Re: [PATCHSET RFC] sched: Implement BPF extensible scheduler class

public inbox for linux-kernel@vger.kernel.org
 help / color / mirror / Atom feed

From: Tejun Heo <tj@kernel.org>
To: Peter Zijlstra <peterz@infradead.org>
Cc: Josh Don <joshdon@google.com>,
	torvalds@linux-foundation.org, mingo@redhat.com,
	juri.lelli@redhat.com, vincent.guittot@linaro.org,
	dietmar.eggemann@arm.com, rostedt@goodmis.org,
	bsegall@google.com, mgorman@suse.de, bristot@redhat.com,
	vschneid@redhat.com, ast@kernel.org, daniel@iogearbox.net,
	andrii@kernel.org, martin.lau@kernel.org, brho@google.com,
	pjt@google.com, derkling@google.com, haoluo@google.com,
	dvernet@meta.com, dschatzberg@meta.com, dskarlat@cs.cmu.edu,
	riel@surriel.com, linux-kernel@vger.kernel.org,
	bpf@vger.kernel.org, kernel-team@meta.com
Subject: Re: [PATCHSET RFC] sched: Implement BPF extensible scheduler class
Date: Wed, 14 Dec 2022 12:23:14 -1000	[thread overview]
Message-ID: <Y5pM0ralEr6coT25@slm.duckdns.org> (raw)
In-Reply-To: <Y5mPigH1bPatXNeB@hirez.programming.kicks-ass.net>

Hello,

On Wed, Dec 14, 2022 at 09:55:38AM +0100, Peter Zijlstra wrote:
> On Tue, Dec 13, 2022 at 06:11:38PM -0800, Josh Don wrote:
> > Improving scheduling performance requires rapid iteration to explore
> > new policies and tune parameters, especially as hardware becomes more
> > heterogeneous, and applications become more complex. Waiting months
> > between evaluating scheduler policy changes is simply not scalable,
> > but this is the reality with large fleets that require time for
> > testing, qualification, and progressive rollout. The security angle
> > should be clear from how involved it was to integrate core scheduling,
> > for example.
> 
> Surely you can evaluate stuff on a small subset of machines -- I'm
> fairly sure I've had google and facebook people tell me they do just
> that, roll out the test kernel on tens to hundreds of thousand of
> machines instead of the stupid number and see how it behaves there.
>
> Statistics has something here I think, you can get a reliable
> representation of stuff without having to sample *everyone*.
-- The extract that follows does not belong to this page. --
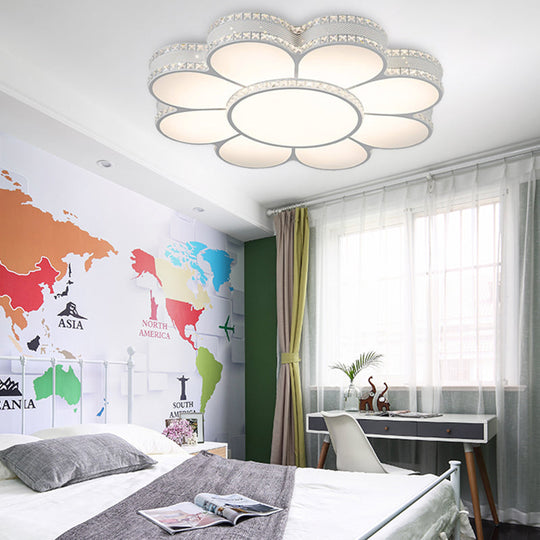 White Led Petal Ceiling Flush Mount Lamp - 19.5’/23.5’/31.5’ Modern Acrylic Warm 3 Color Light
Google guys probably have a lot to say here too and there may be many
commonalties, but here's how things are on our end.

We (Meta) experiment and debug at multiple levels. For example, when
qualifying a new kernel or feature, a common pattern we follow is
two-phased. The first phase is testing it on several well-known and widely
used workloads in a controlled experiment environment with fewer number of
machines, usually some dozens but can go one or two orders of magnitude
higher. Once that looks okay, the second phase is to gradually deploy while
monitoring system-level behaviors (crashes, utilization, latency and
pressure metrics and so on) and feedbacks from service owners.

We run tens of thousands of different workloads in the fleet and we try hard
to do as much as possible in the first phase but many of the difficult and
subtle problems are only detectable in the second phase. When we detect such
problems in the second phase, we triage the problem and pull back deployment
if necessary and then restart after fixing.

As the overused saying goes, quantity has a quality of its own. The
workloads become largely opaque because there are so many of them doing so
many different things for anyone from system side to examine each of them.
In many cases, the best and sometimes only visibility we get is statistical
- comparing two chunks of the fleet which are large enough for the
statistical signals to overcome the noise. That threshold can be pretty
high. Multiple hundreds of thousands of machines being used for a test set
isn't all that uncommon.

One complicating factor for the second phase is that we're deploying on
production fleet running live production workloads. Besides the obvious fact
that users become mightily unhappy when machines crash, there are
complicating matters like limits on how many and which machines can be
rebooted at any given time due to interactions with capacity and maintenance
which severely restricts how fast kernels can be iterated. A full sweep
through the fleet can easily take months.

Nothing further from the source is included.